Welcome to the 919th installment of Comic Book Legends Revealed, a column where we examine three comic book myths, rumors and legends and confirm or debunk them. This is a special “basing characters on real life people” edition of CBLR. In the first legend, we look at a Silver Surfer storyline built around mocking Marvel’s then-new Editor-in-Chief.

This might be a shocking revelation, but very often, people view events in terms of how they affect them personally. I know, I know, it’s a stunning fact, but it is true, whatever personally affects you the most tends to be your takeaway from any given situation. That’s the funny thing, then, about Editors-in-Chief at comic book companies, in that people’s take on who was a good Editor-in-Chief and who was a bad one tends to involve whether one E-i-C or the other gave them assignments.

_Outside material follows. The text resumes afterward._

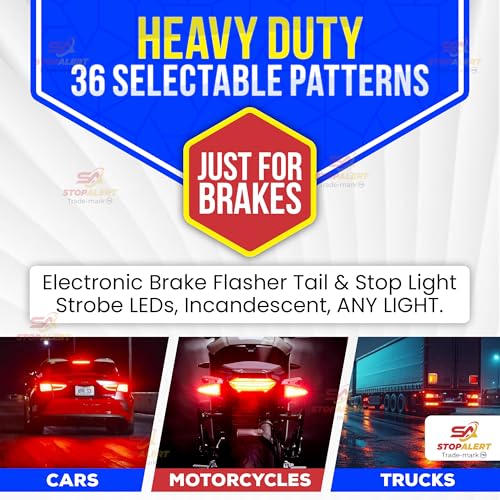 Brake Wave 36 - HEAVY DUTY 36 Light Selectable Flashes 10 AMPS Electronic Brake Flasher Tail & Stop Light Strobe - LED and Incandescent Lights for Cars, Trucks, Motorcycles 12-24V - color: Brake Wave 36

At the end of the day, in comics (or heck, in any business), no one is going to be thrilled by the people who fire them, ya know? Frank Miller’s Daredevil is one of the all-time great comic book runs in history, right? Well, for Miller to take over as the writer on Daredevil, the then-current writer, Roger McKenzie, had to LOSE the gig. That’s the truth for many famous runs in history. Famous run X only started because some guys lost their jobs doing the book before the famous run started. It’s a fact of life in the comic book industry. As the saying goes in the world of sports, coaches are hired to be fired. It’s a similar thing about comic book creative teams. You can say that it isn’t personal, but for the person losing their gig, it IS personal, ya know? At the same time, that’s just reality. You’re GOING to piss some people off if you’re an Editor-in-Chief. In the case of Tom DeFalco, though, when he told Steve Englehart that his run on Silver Surfer was ending, Englehart went out with quite a bang, mocking DeFalco along the way.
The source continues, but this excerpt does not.